One of the premises of our project is to address how fashion film has been neglected both in film and fashion histories, and how the amnesia of the current fashion industry and discourse can be tackled with historically informed methodologies. In our project, this has already meant new archival and filmographic research into fashion film of the silent era as well as developing methodological insights that borrow from film theory, fashion studies and media archaeology to see what one can do by juxtaposing different periods of moving images, and moving garments, that goes beyond “writing a history”. This has meant a parallax view of alternative epistemological, practical and aesthetic perspectives that create interesting prisms through which fashion and film become seen in new variations.
The term “media archaeology” features both in our project title and implicitly or explicitly in many of our methodological choices.
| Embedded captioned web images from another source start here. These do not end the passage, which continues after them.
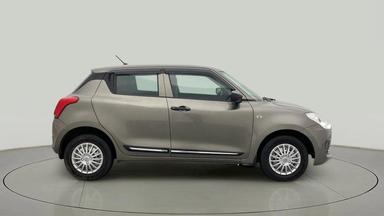 2021 Maruti Swift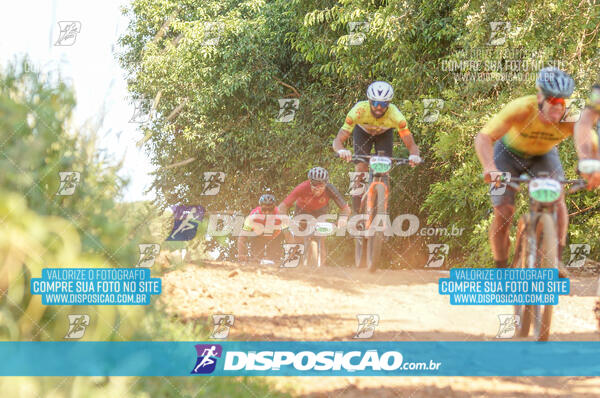 III GP Alvorada do Sul de MTB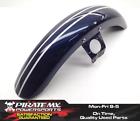 35004-1329-rl Kawasaki Front Fender Fairing
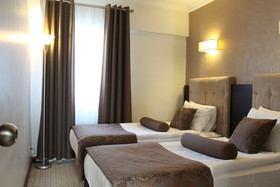 Blanca Hotel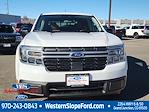 New 2024 Ford Maverick Lariat SuperCrew Cab FWD, Pickup for sale #38197 - photo 22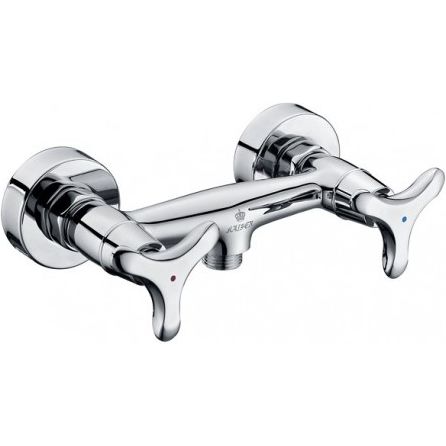 Смеситель для душа Kaiser Trio, 57077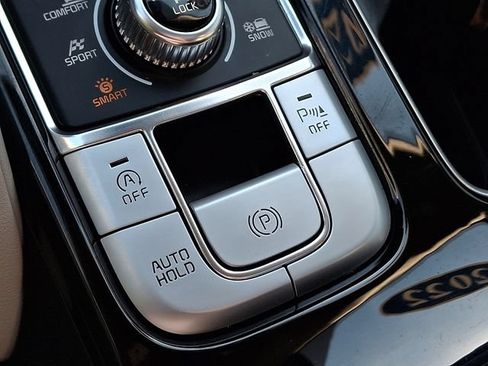 Used 2022 Kia Telluride EX w/ EX Premium Package AWD/4WD image 27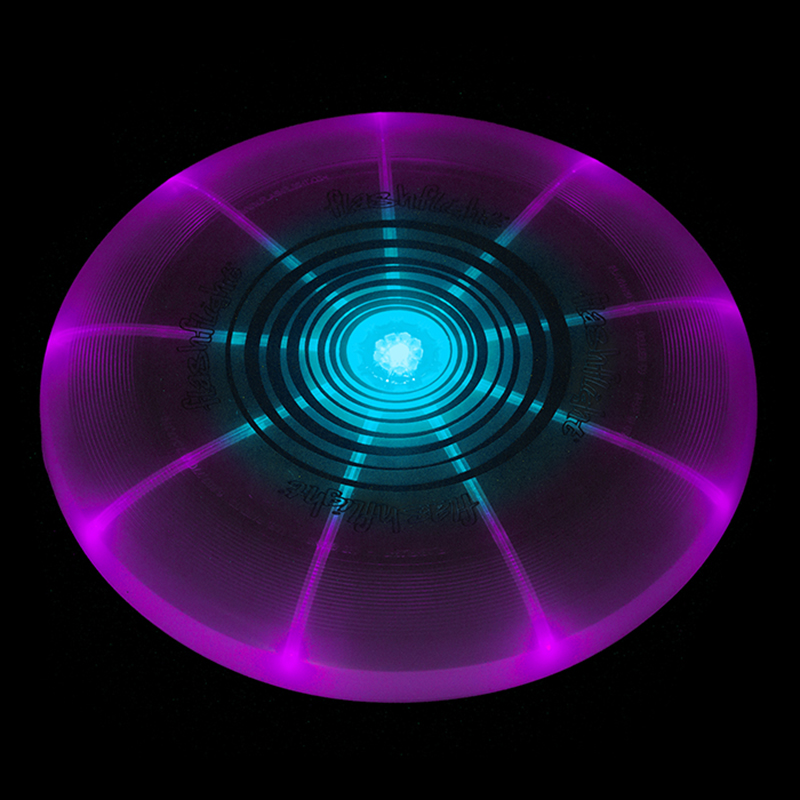 Летающий диск Nite Ize FlashFlight - Disc-O LED
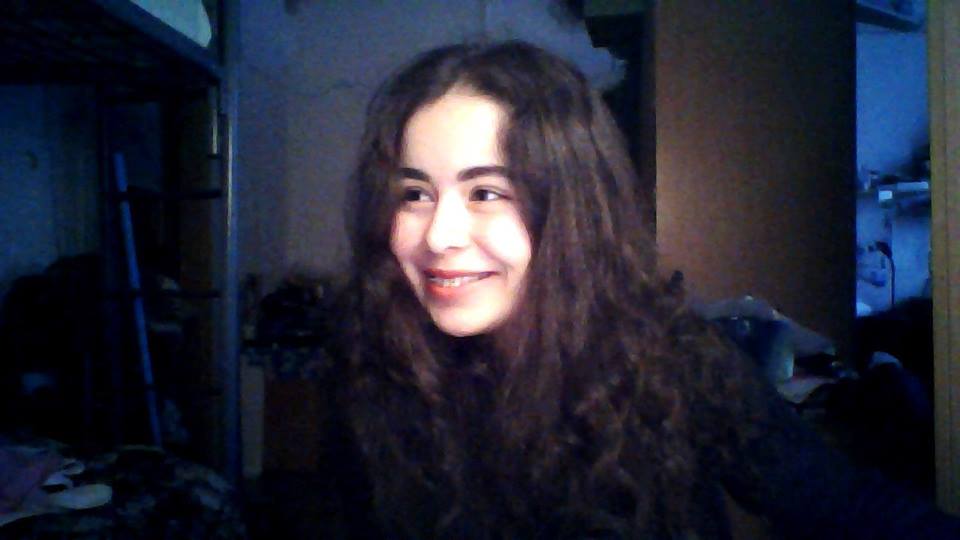 Сафина Хиджобова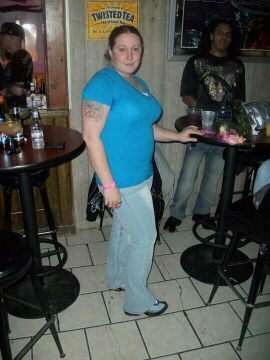 Tiffanymorale12's profile picture. 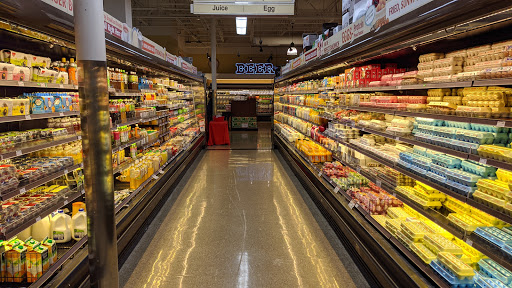 Supermarket «99 Ranch Market», reviews and photos, 2532 Old Denton Rd, Carrollton, TX 75006, USA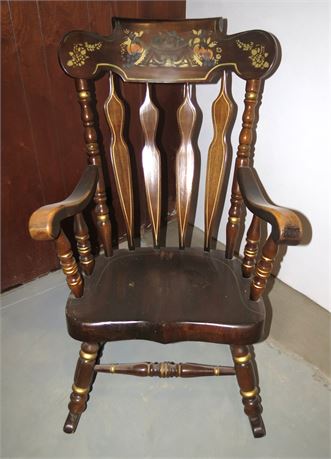 Rocking Chair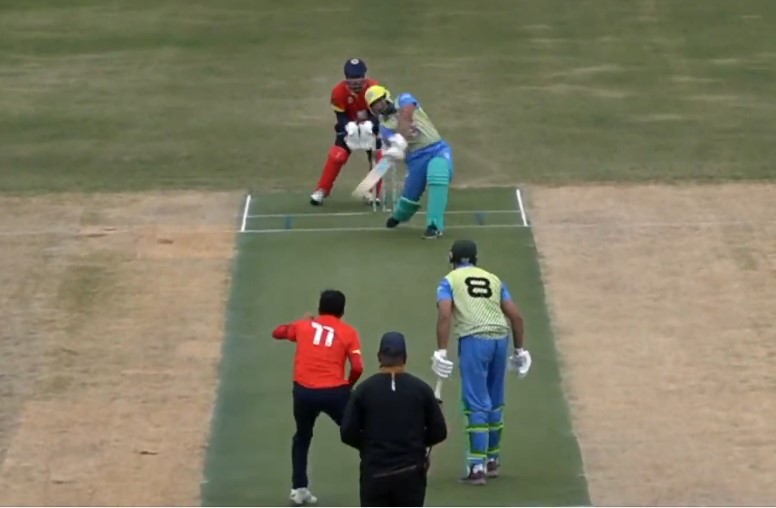 ECL T10, Group A, Playoff 1: ACT v DRX – Highlights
This also explains the reference to Thomas Elsaesser’s notion of “parallax view” that is characterised as a way of reading across different historical periods, and even more significantly not just historical periods but epistemic periods where cinema entangled with a range of different practices, forces, institutions and materials. To quote Elsaesser:
“If around 1900 it seemed that cinema was to emerge victorious in the realm of mass entertainment, by the 1990s, its future was no longer assured. At all events, one way of moving forward into the digital age, was to look back, not nostalgically or by way of a retreat, but in a parallax fashion, keeping two viewpoints or periods firmly and simultaneously in focus: the ‘episteme 1900’ and the ‘episteme 2000’.”
For Elsaesser, the episteme of 1900 was more or less a stretch of time (1870s to 1900) that included a range of institutions, events, inventions and practices that defined cinema and yet was about more than cinema as an internal mechanism or an industry. So, paraphrasing Elsaesser, this aesthetic and epistemological period also witnessed the popularization of photography; the international, transatlantic use of the telegraph and the domestic use of the telephone; and the invention of radio and of the theories as well as the basic technology of television, to name some media technological contexts that one can place in relation to a range of social, political and economic events. Towards the episteme of 2000, that starts roughly in the 1970s, then, Elsaesser includes “the consolidation of video as popular recording and storage medium and avant-garde artistic practice, the rise of installation art and its hybridization with cinema…, the universal adoption of the personal computer, the change from analogue to digital sound and image, the invention of the mobile phone, and the emergence of the Internet and the world wide web”, to name some contexts. For us, then, the question is in which ways fashion as a particular industry, a modern aesthetic, a material synthetic surface and a synthetic social practice in different gendered and other intersectional forms, becomes included as part of this bundle of epistemological and media technological concerns?
One part of our project has been to juxtapose some of these angles with practice-based and institutional expertise outside academia. For example, we have brought film industry practitioners as well as curators into special screening workshops to watch early fashion film with us, sharing their own parallax views into what persists, what disappears, which kind of old appears new, and what new appears itself conditioned already as part of the episteme of fashion film of early 20th century. (Cf. Also Wanda Strauven’s work in this context.)
In one of the discussions, BFI Curator Claire Smith put it aptly. Quoting her workshop comments in light of some of our screened samples of newsreels and other early material (which we also juxtaposed with more recent years of fashion films):
“One of the interesting questions […] is the idea of performance and what we’re watching perform: are we watching the garment perform? Are we watching the body perform? What does the technology perform for us? […] And that has a history in film and costume and those early films as well, where the structure in the garment might guide the body and performance…”
In other words, what Smith pulls out from the examples we screened was a threaded sense of performance, movement, technology and aesthetic that characterises costume, fashion, and film across a longer historical period that crystallises in interesting hybrids. Instead of mere separate genres or modes of cultural industry, there’s a media archaeological proximity in how bodies are linked to garments which are linked to the centrality of moving image as one normalised technological form of seeing movement and fashion, that also then characterises how we see movement outside the screen. (I am here also thinking of Giuliana Bruno’s work.) In such ways, the presence of fashion in film, and fashion film as its own unique industry and mode of expression, becomes an example of another cinema that might produce not only additions to existing histories of film and cinema, but also help to consider methodologies and approaches that impact much outside the seemingly niche genre. So, fashion and fashion film might become part of methods of analysis concerning different aspects of materials, histories, media archaeologies of cinema and post-cinema too.